» **DIRECTIONS FOR THIS TASK**
Extract the line that contains "Une tonnelle pliable" and every line after it through the end of the records below, exactly as written, leaving out any pictures.

» **Stored items from a collection**
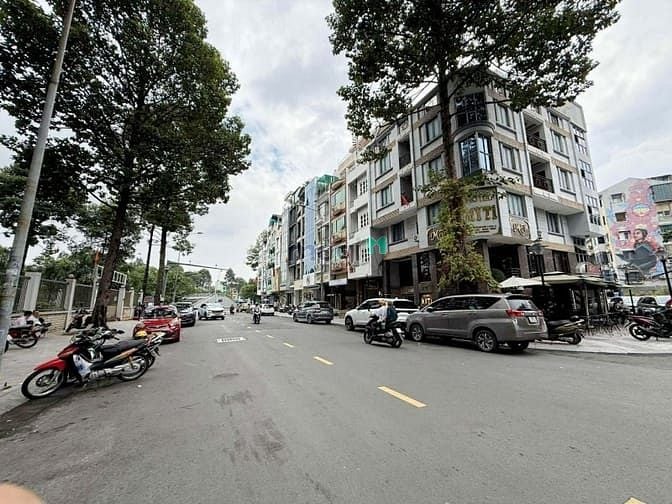 Căn hộ Indochina Park Tower Quận 1 113m² giá 7.9 tỷ - Cơ hội đầu tư tuyệt vời!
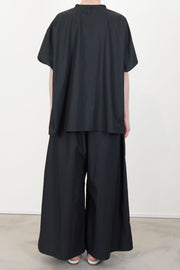back view of model wearing sofie d'hoore shirt basker black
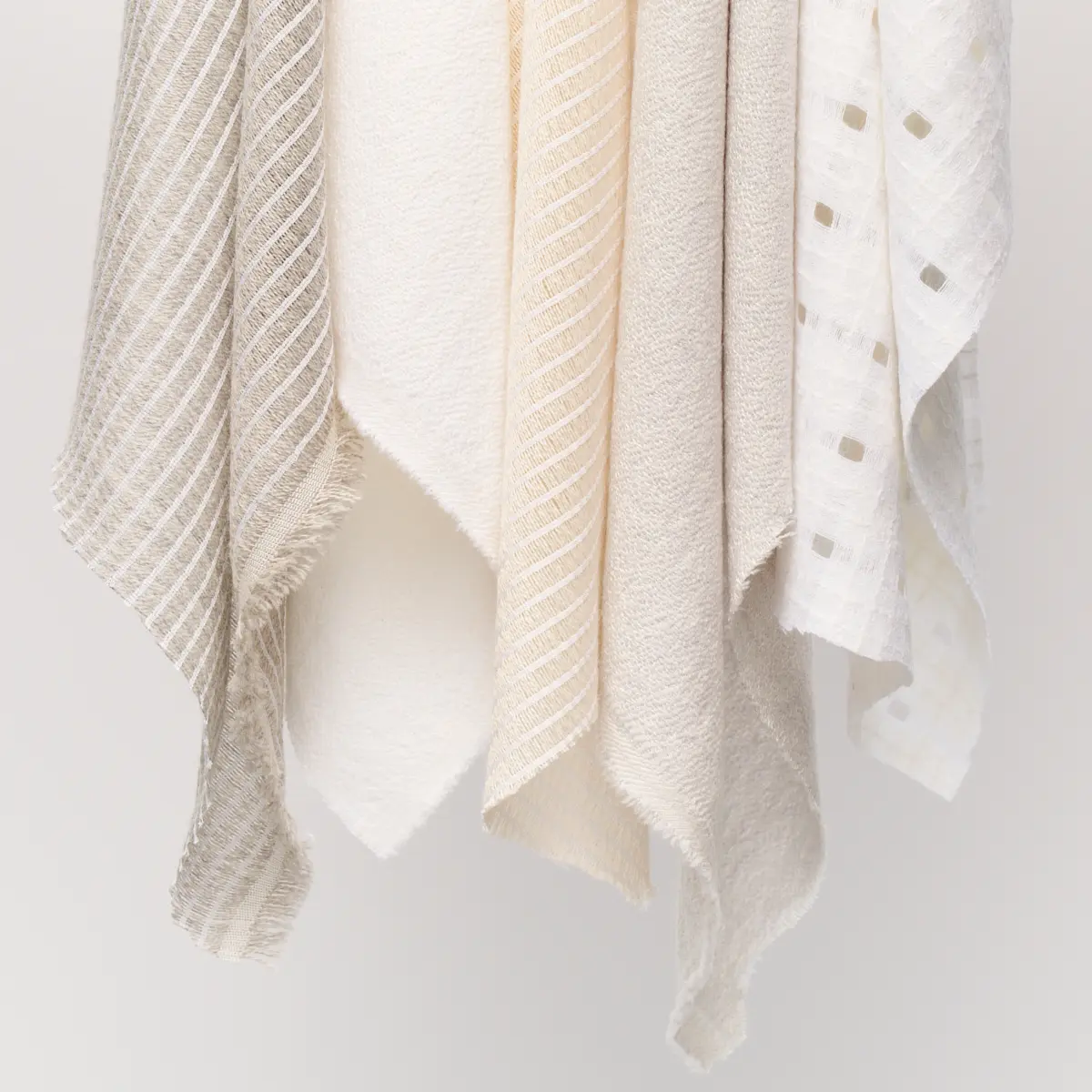 WREN ALPACA SHEER_ MIST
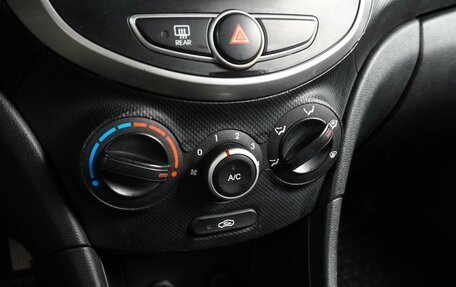 Hyundai Solaris II рестайлинг, 2012 год, 839 000 рублей, 12 фотография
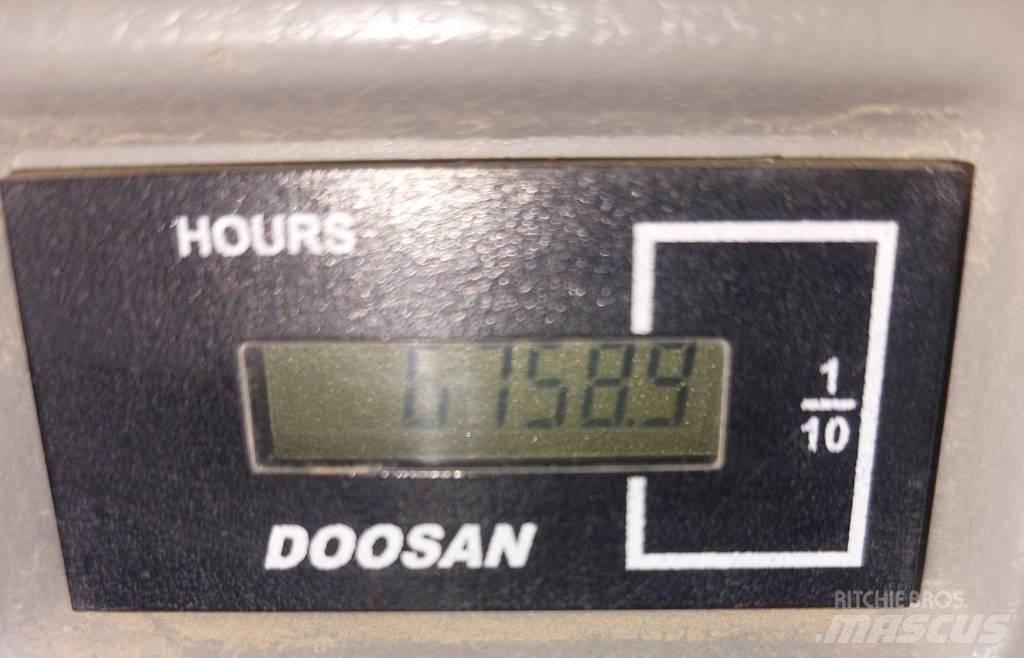 Doosan DX140 LCR-5 Pásová rýpadla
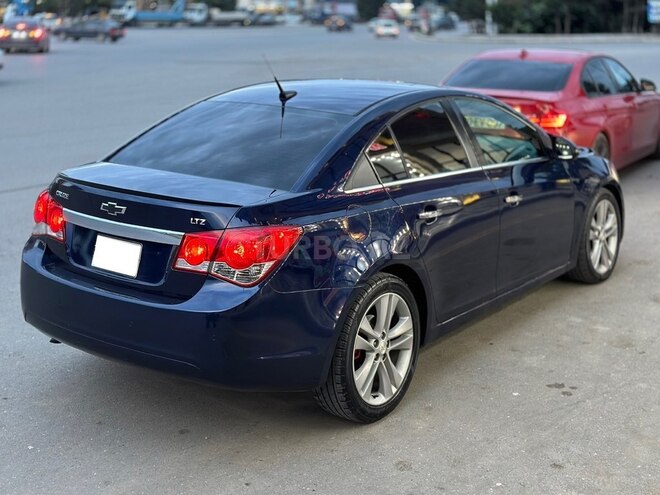 Chevrolet Cruze 2011, 314,000 km - 1.4 л - Gəncə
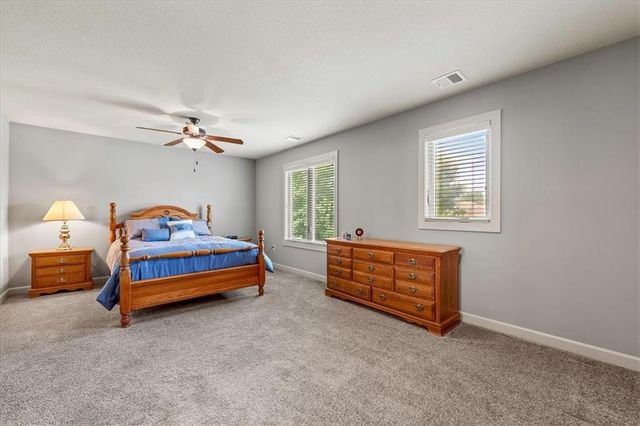11775 NW 81st Street, Parkville, MO 64152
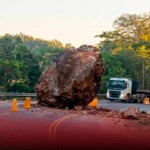 Cae piedra gigante en autopista Nordeste y obstruye el tránsito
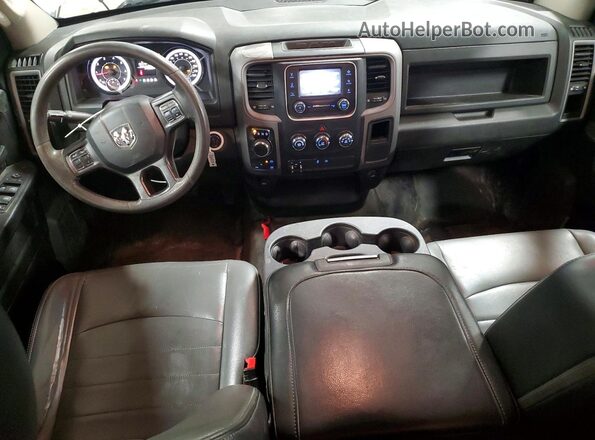 1C6RR7FGXMS537339 2021 RAM 1500 White Widok deski rozdzielczej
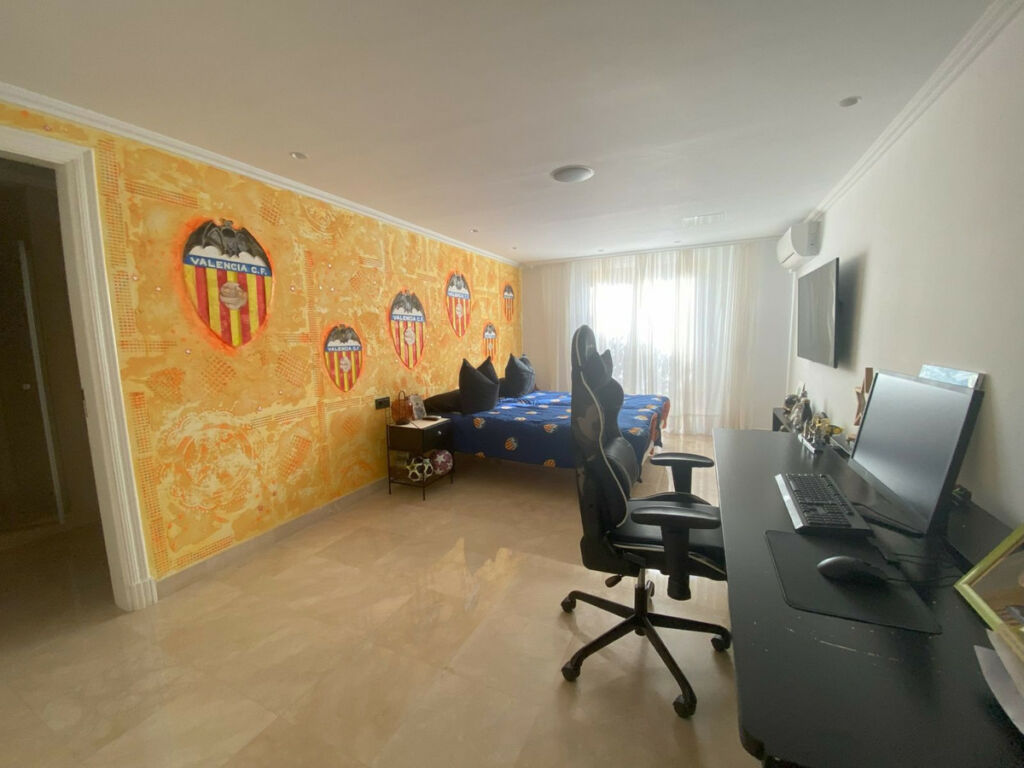 Detached Villa Elviria Málaga - image 21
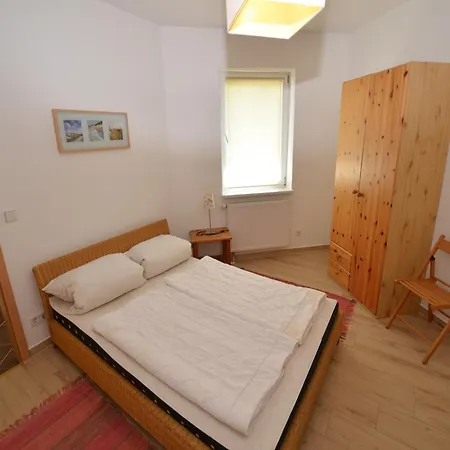 アパート Retreat With Garden Views Dolní Lánov
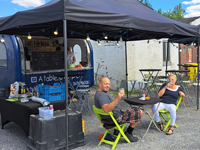 Une tonnelle pliable comme prolongement de votre food truck!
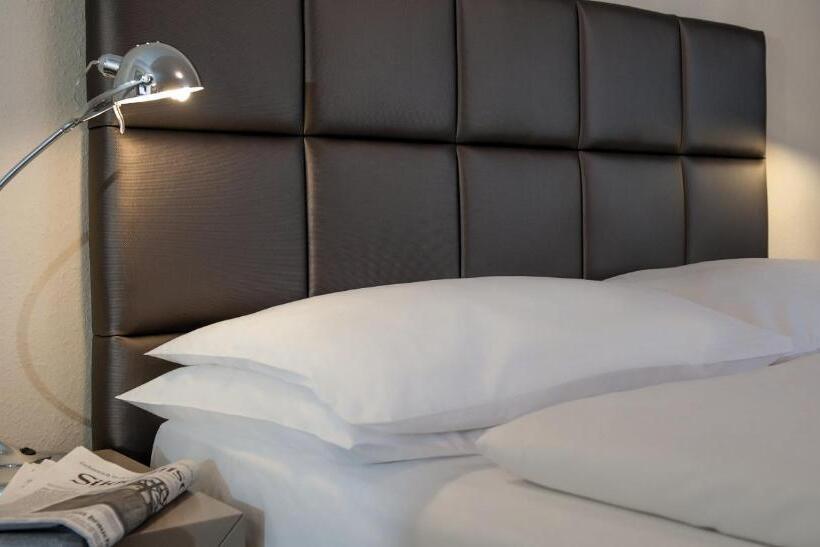 Номер Стандарт, Victor S Residenz Hotel München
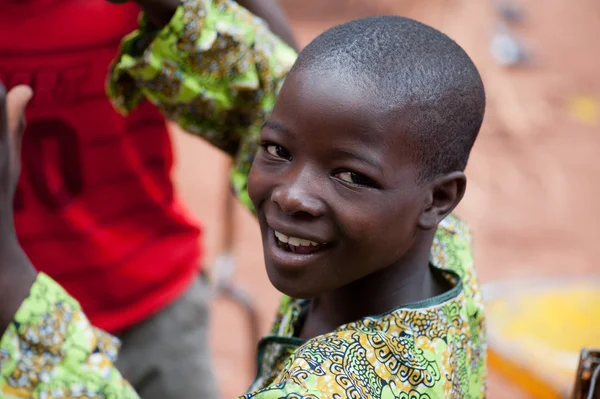 Kırsal alanda Afrikalı Çocuk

» **RESPONSE AREA**
 Une tonnelle pliable comme prolongement de votre food truck!
 Номер Стандарт, Victor S Residenz Hotel München
 Kırsal alanda Afrikalı Çocuk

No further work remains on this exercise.